For the first few weeks after we arrived in Toronto, we stayed in the roomy house of the psychiatrist Dr. John Rich, who had invited my father to be the principal of Thistletown. My mother took us for daily walks in the drifted autumn leaves of Mount Pleasant Cemetery, where we tried tirelessly to tame the black squirrels and innocently helped ourselves to the pretty funeral ribbons for our dolls’ wardrobes. My parents were having difficulty finding a place to rent; I heard them anxiously phoning around after perusing the Toronto papers. Then one day we were bundled off to a cramped house in the heart of the Italian section off St. Clair Avenue and informed that this was to be our new home. Sadly, there was no secluded garden with a swing or a pear tree, but we were soon busy exploring the immigrant neighbourhood.

We had no pets, although our hearts were set on two golden hamsters promised to us by my mother for Christmas. Never at a loss for ideas, we decided to make do with a couple of crippled flies, which we persuaded my father to catch for us in the window of Loblaws. Rag and Tag were fed on strawberry jam and released to crawl around the bathtub each evening for their daily walk. Knowing that Westmount Avenue was only a temporary home, my parents chose not to enrol us at the local school. Each morning after my father set off for work, my mother placed Damien in his playpen and taught us English, history, natural science, and mathematics around the kitchen table. It was here that I began to write out poems and essays, which I copied meticulously into a notebook entitled “My Poems by Liona Boyd.” Every evening my parents took turns reading us bedtime stories — Pippi Longstocking, Gulliver’s Travels, Robinson Crusoe — trying to continue our lives as normally as possible.

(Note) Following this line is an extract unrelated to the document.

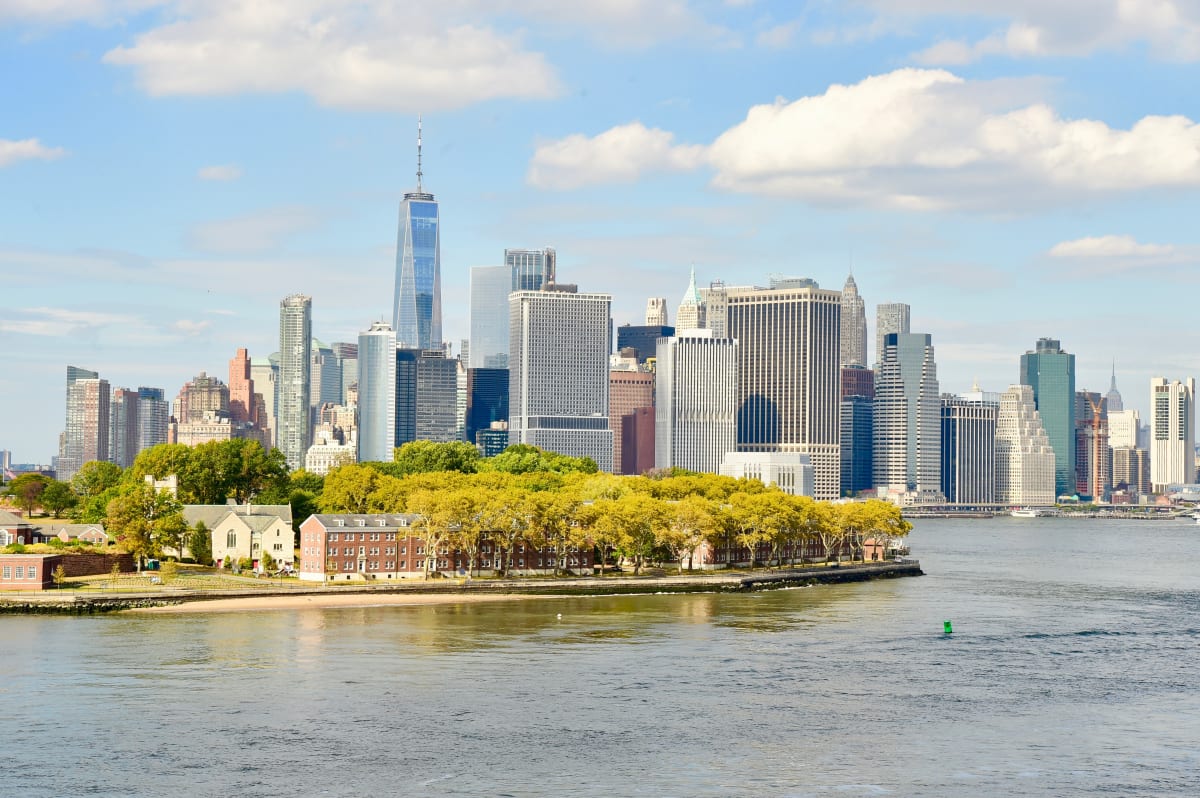 Governors Island with Manhattan in the background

Finally, two days before Christmas, my father succeeded in relocating us to a house on Queens Drive in Weston, in the west end of Toronto. Bundled up in scarves and snowsuits, we were introduced to the trappings of Canadian winters: toboggans, sleds, flying saucers, and ice skates. What fun to speed over compacted snow or twirl around Daddy’s ice rink, created overnight with the garden hose. Even chapped lips, icy toes, and frozen mittens could not diminish our infatuation with these novel recreations. To enlarge their dwindling savings, my parents decided, in the pioneering spirit, to try their hand selling oil paintings. After all, they had both studied and taught art, and perhaps there might be an opportunity within Toronto’s burgeoning population. Late into the night they sat at their easels, surrounded by tubes of paint and jars of turpentine; we watched, fascinated, as my father’s canvases evolved into seascapes and bullfighters, while ballet dancers and flowers emerged from my mother’s. After a few weeks of industrious painting, my father set off with the finished masterpieces to the affluent apartments on Bathurst Street. For two disappointing nights he came home unsuccessful, but on the third returned triumphant after selling a couple of seascapes. Fired by success, my parents painted many oils, which hung around the house in various stages of wetness before being exhibited at art shows in the parks and in local shopping plazas.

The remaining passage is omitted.